━━ Dataset records

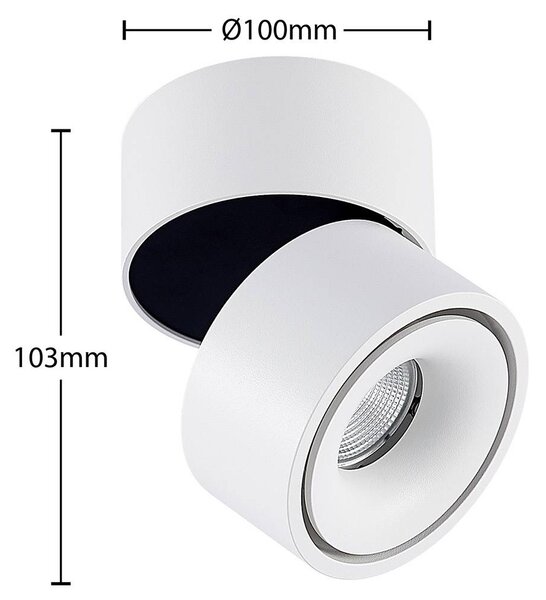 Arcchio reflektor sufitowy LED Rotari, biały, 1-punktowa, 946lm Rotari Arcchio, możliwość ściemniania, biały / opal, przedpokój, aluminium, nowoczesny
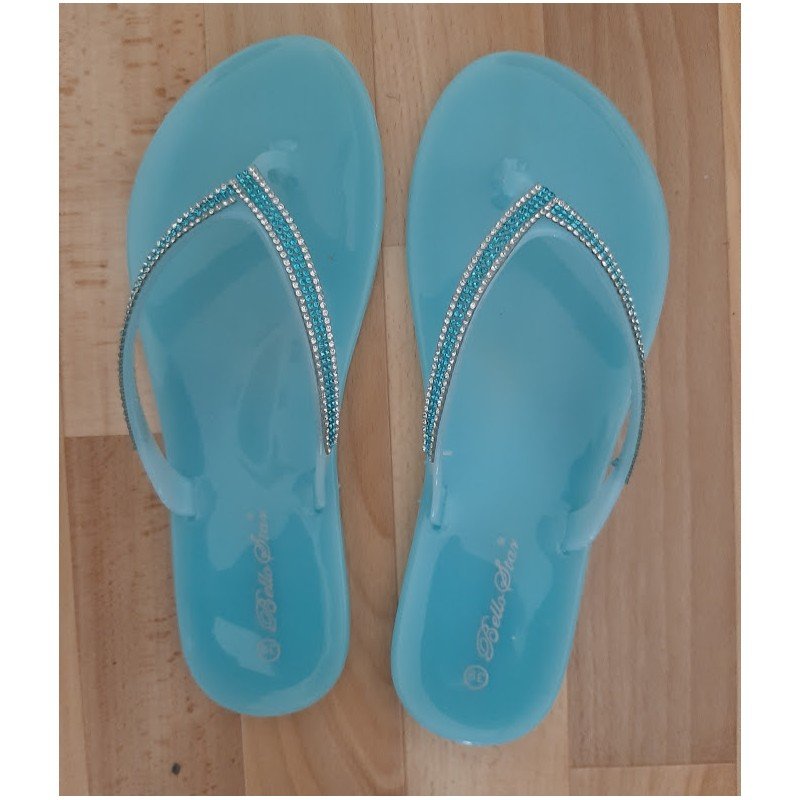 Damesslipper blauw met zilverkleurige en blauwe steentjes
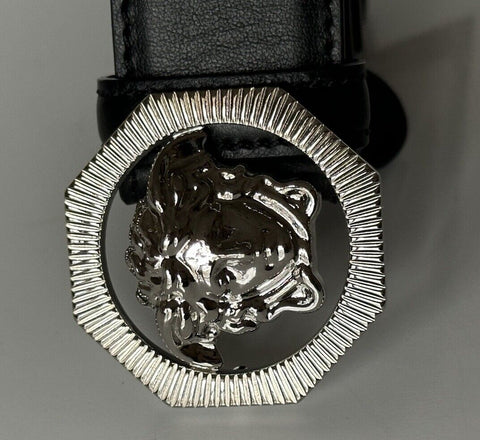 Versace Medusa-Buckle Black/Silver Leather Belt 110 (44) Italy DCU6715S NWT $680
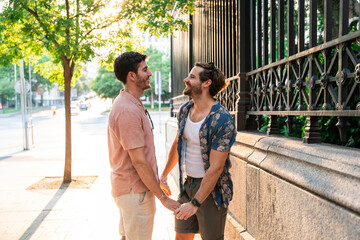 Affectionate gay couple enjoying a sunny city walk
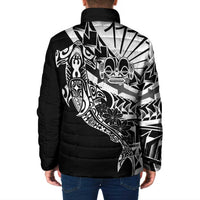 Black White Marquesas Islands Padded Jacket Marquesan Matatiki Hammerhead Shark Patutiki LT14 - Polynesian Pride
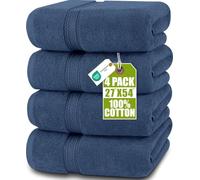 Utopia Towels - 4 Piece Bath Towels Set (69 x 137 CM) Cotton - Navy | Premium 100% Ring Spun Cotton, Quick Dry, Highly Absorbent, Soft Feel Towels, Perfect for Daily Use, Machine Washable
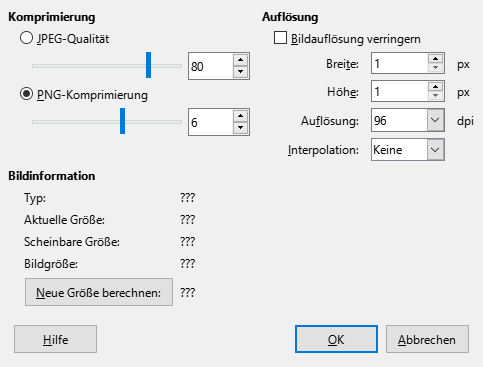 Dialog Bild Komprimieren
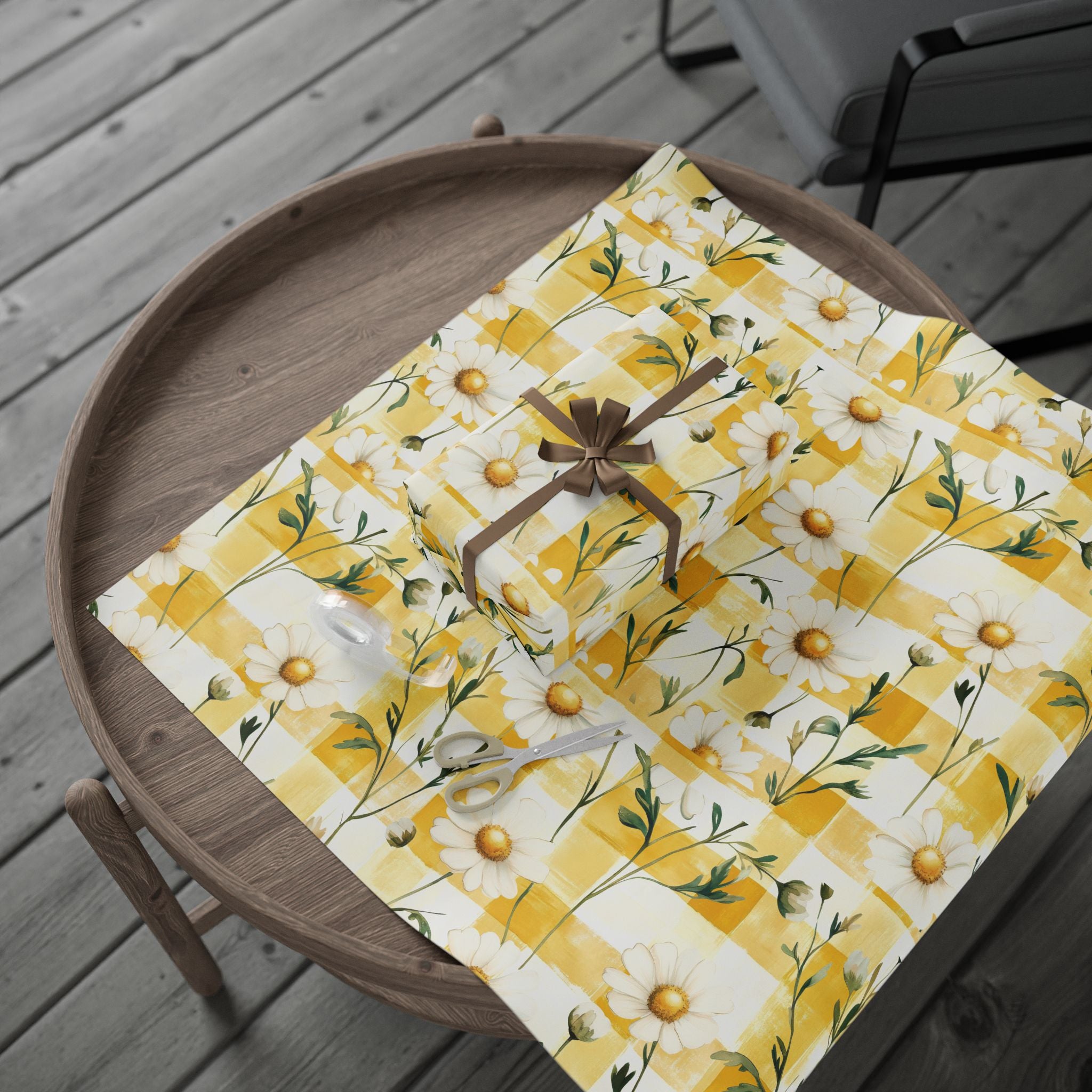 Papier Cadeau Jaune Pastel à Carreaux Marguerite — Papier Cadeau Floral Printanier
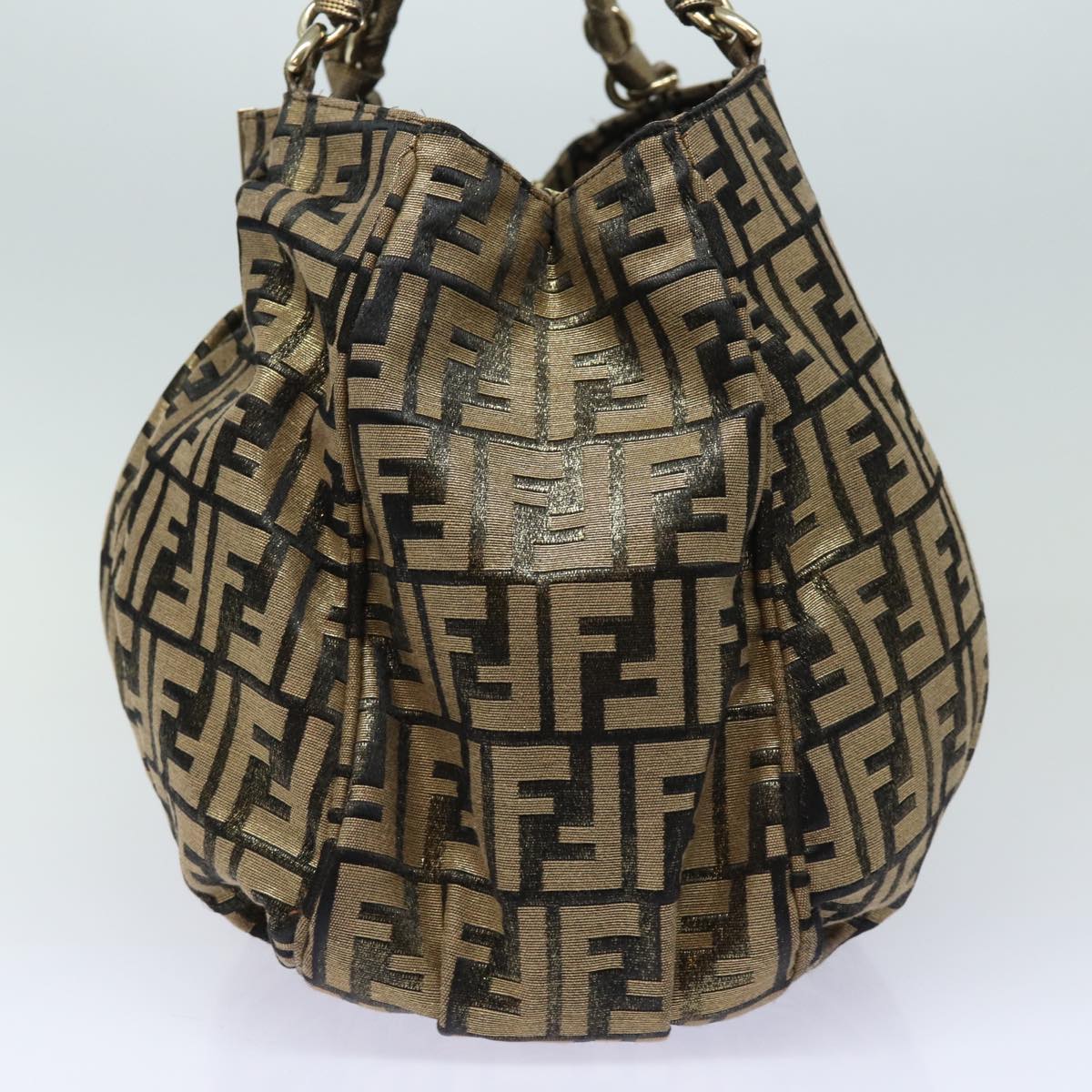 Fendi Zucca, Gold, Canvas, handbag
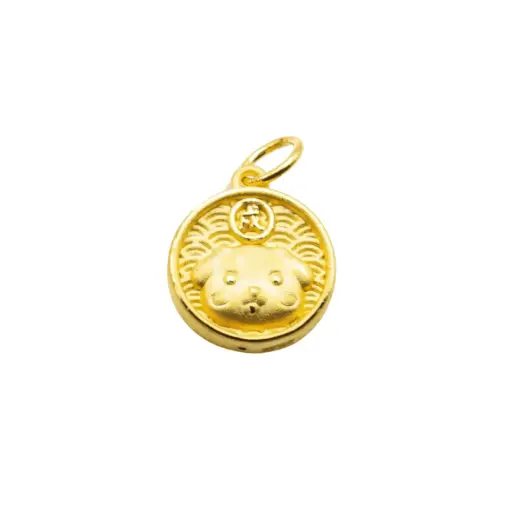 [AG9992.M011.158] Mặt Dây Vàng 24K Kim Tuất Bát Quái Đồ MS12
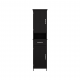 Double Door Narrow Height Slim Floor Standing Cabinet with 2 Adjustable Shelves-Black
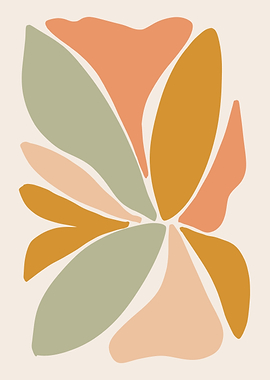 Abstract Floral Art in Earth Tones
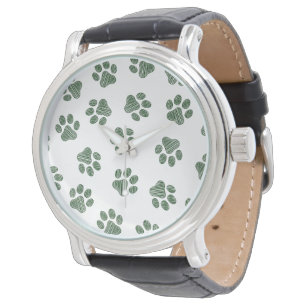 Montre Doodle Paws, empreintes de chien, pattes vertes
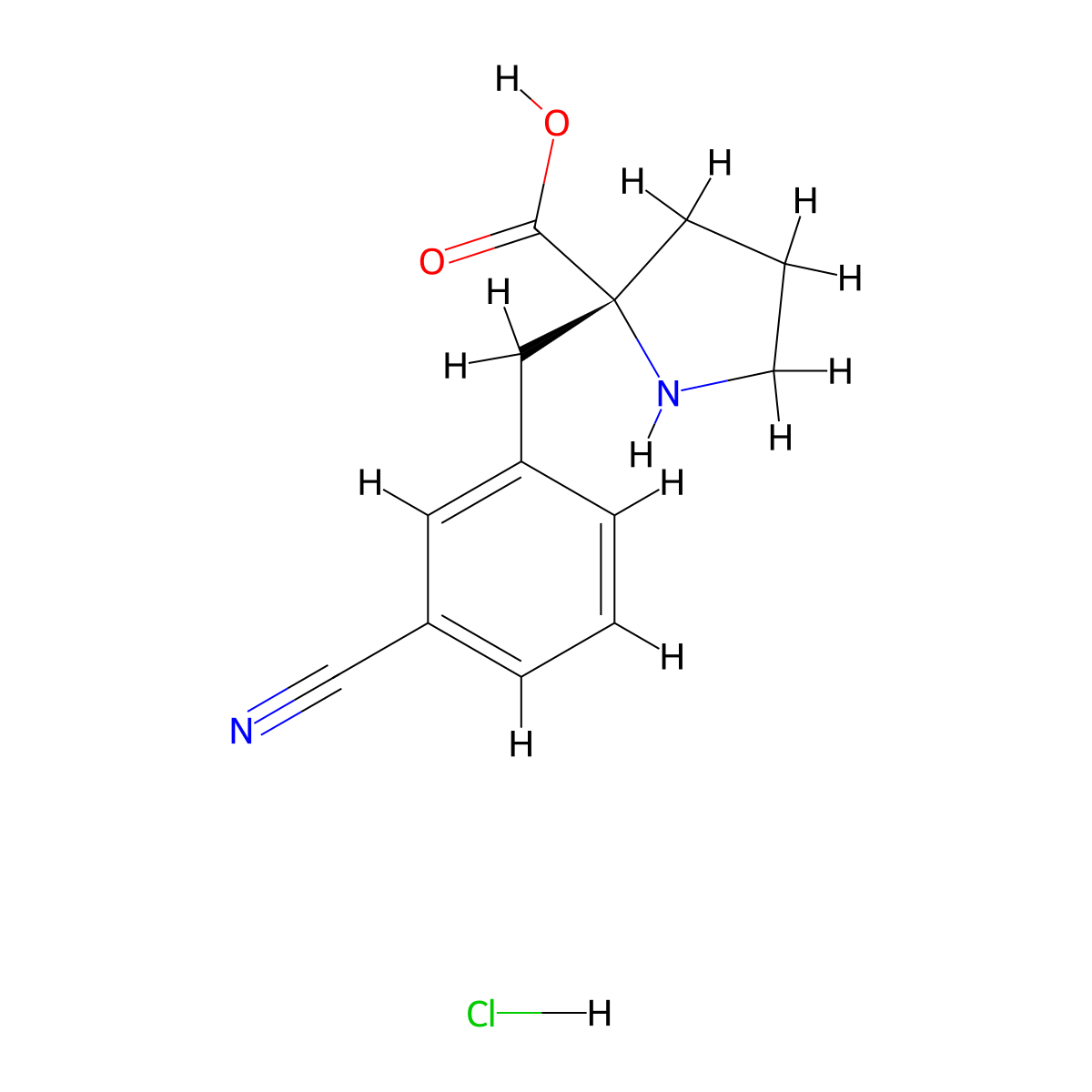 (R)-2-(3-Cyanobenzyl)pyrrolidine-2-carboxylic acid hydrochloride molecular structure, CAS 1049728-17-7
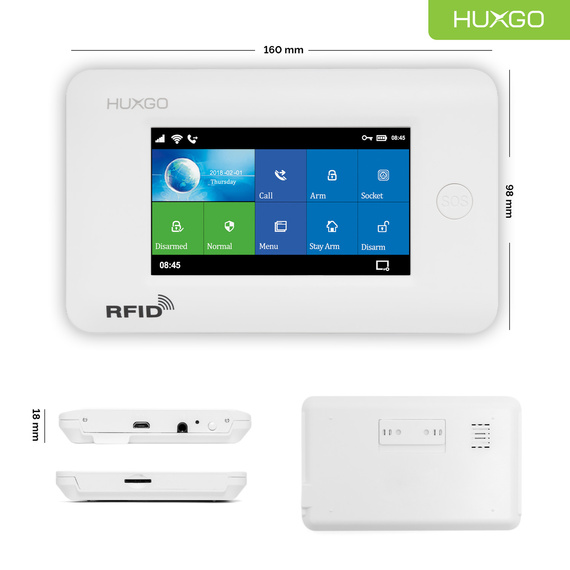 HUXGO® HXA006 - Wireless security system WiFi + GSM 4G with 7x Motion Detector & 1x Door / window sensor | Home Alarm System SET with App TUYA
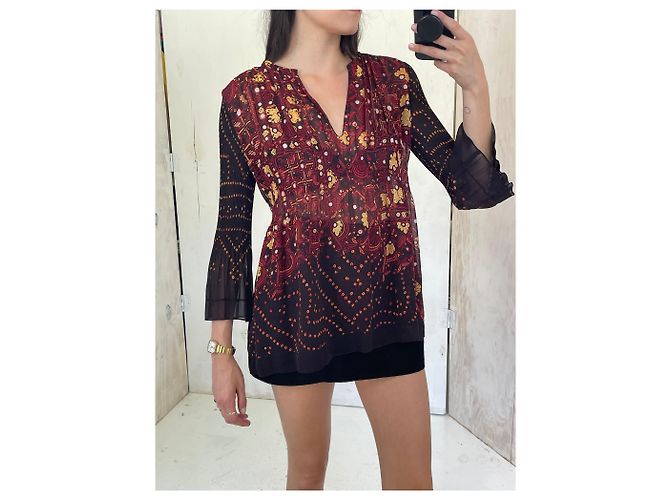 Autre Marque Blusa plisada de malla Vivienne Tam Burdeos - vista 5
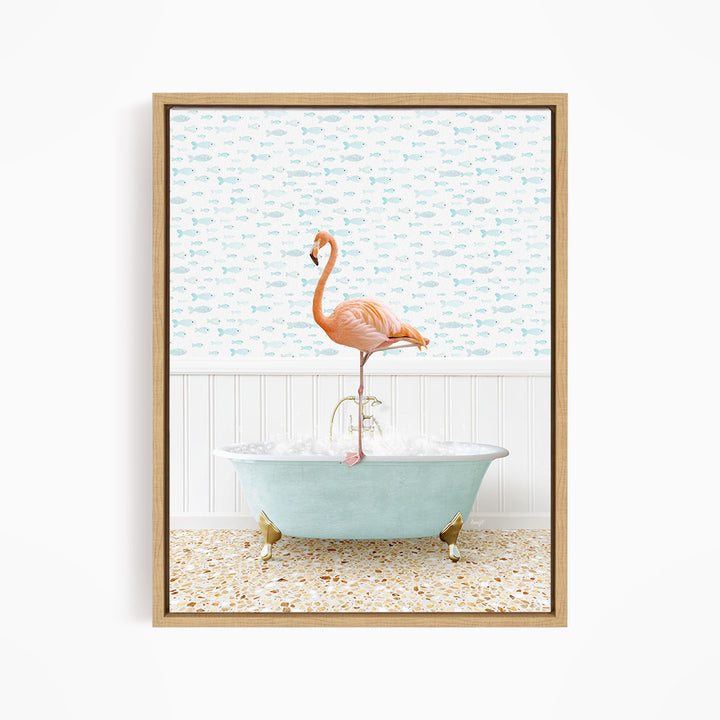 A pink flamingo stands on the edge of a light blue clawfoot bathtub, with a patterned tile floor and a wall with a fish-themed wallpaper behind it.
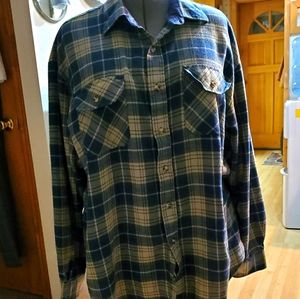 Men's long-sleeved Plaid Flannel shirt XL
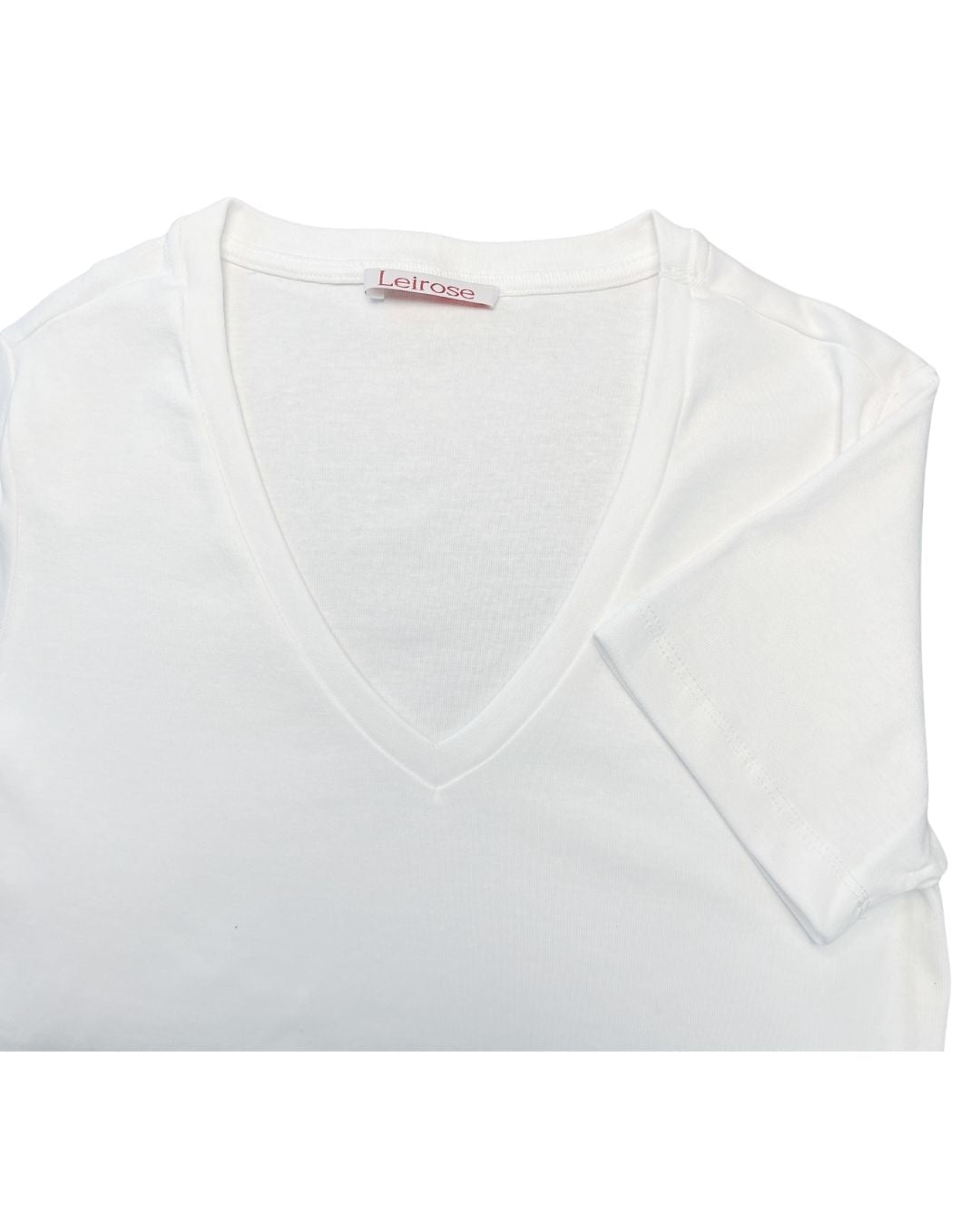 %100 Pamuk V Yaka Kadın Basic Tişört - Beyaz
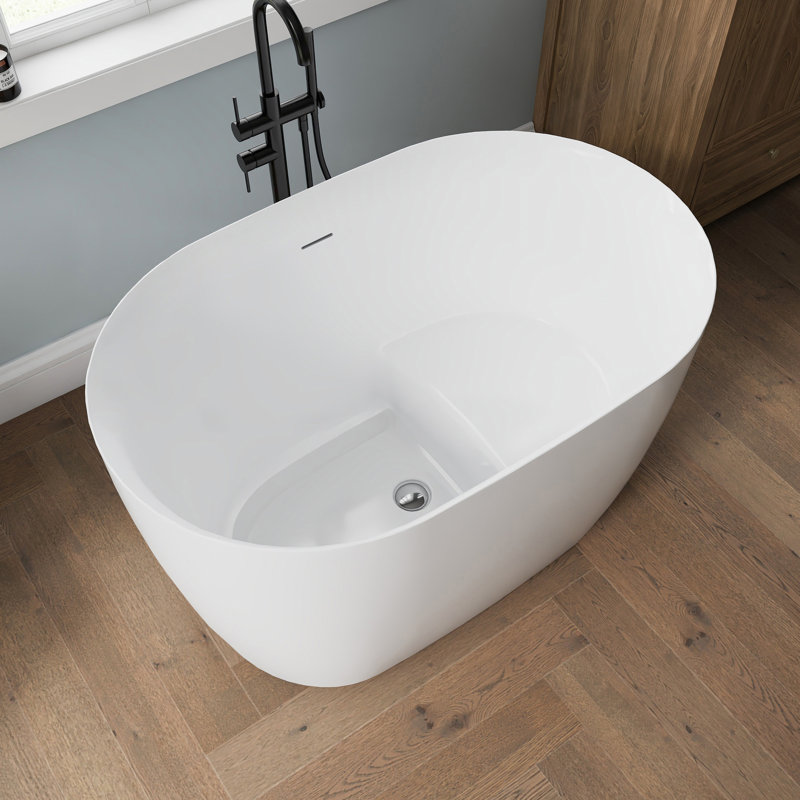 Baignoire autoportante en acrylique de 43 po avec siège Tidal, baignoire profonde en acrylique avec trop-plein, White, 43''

━━━━

-- Task brief --
When you reach a picture in the records above, pass over it and transcribe the rest exactly.

-- Answer to the exercise --
 Arcchio reflektor sufitowy LED Rotari, biały, 1-punktowa, 946lm Rotari Arcchio, możliwość ściemniania, biały / opal, przedpokój, aluminium, nowoczesny
 Damesslipper blauw met zilverkleurige en blauwe steentjes
 Versace Medusa-Buckle Black/Silver Leather Belt 110 (44) Italy DCU6715S NWT $680
 Affectionate gay couple enjoying a sunny city walk
 Black White Marquesas Islands Padded Jacket Marquesan Matatiki Hammerhead Shark Patutiki LT14 - Polynesian Pride
 Utopia Towels - 4 Piece Bath Towels Set (69 x 137 CM) Cotton - Navy | Premium 100% Ring Spun Cotton, Quick Dry, Highly Absorbent, Soft Feel Towels, Perfect for Daily Use, Machine Washable
 Dialog Bild Komprimieren
 Papier Cadeau Jaune Pastel à Carreaux Marguerite — Papier Cadeau Floral Printanier
 Fendi Zucca, Gold, Canvas, handbag
 [AG9992.M011.158] Mặt Dây Vàng 24K Kim Tuất Bát Quái Đồ MS12
 Double Door Narrow Height Slim Floor Standing Cabinet with 2 Adjustable Shelves-Black
 Abstract Floral Art in Earth Tones
 Montre Doodle Paws, empreintes de chien, pattes vertes
 (R)-2-(3-Cyanobenzyl)pyrrolidine-2-carboxylic acid hydrochloride molecular structure, CAS 1049728-17-7
 HUXGO® HXA006 - Wireless security system WiFi + GSM 4G with 7x Motion Detector & 1x Door / window sensor | Home Alarm System SET with App TUYA
 Autre Marque Blusa plisada de malla Vivienne Tam Burdeos - vista 5
 A pink flamingo stands on the edge of a light blue clawfoot bathtub, with a patterned tile floor and a wall with a fish-themed wallpaper behind it.
 Men's long-sleeved Plaid Flannel shirt XL
 %100 Pamuk V Yaka Kadın Basic Tişört - Beyaz
 Baignoire autoportante en acrylique de 43 po avec siège Tidal, baignoire profonde en acrylique avec trop-plein, White, 43''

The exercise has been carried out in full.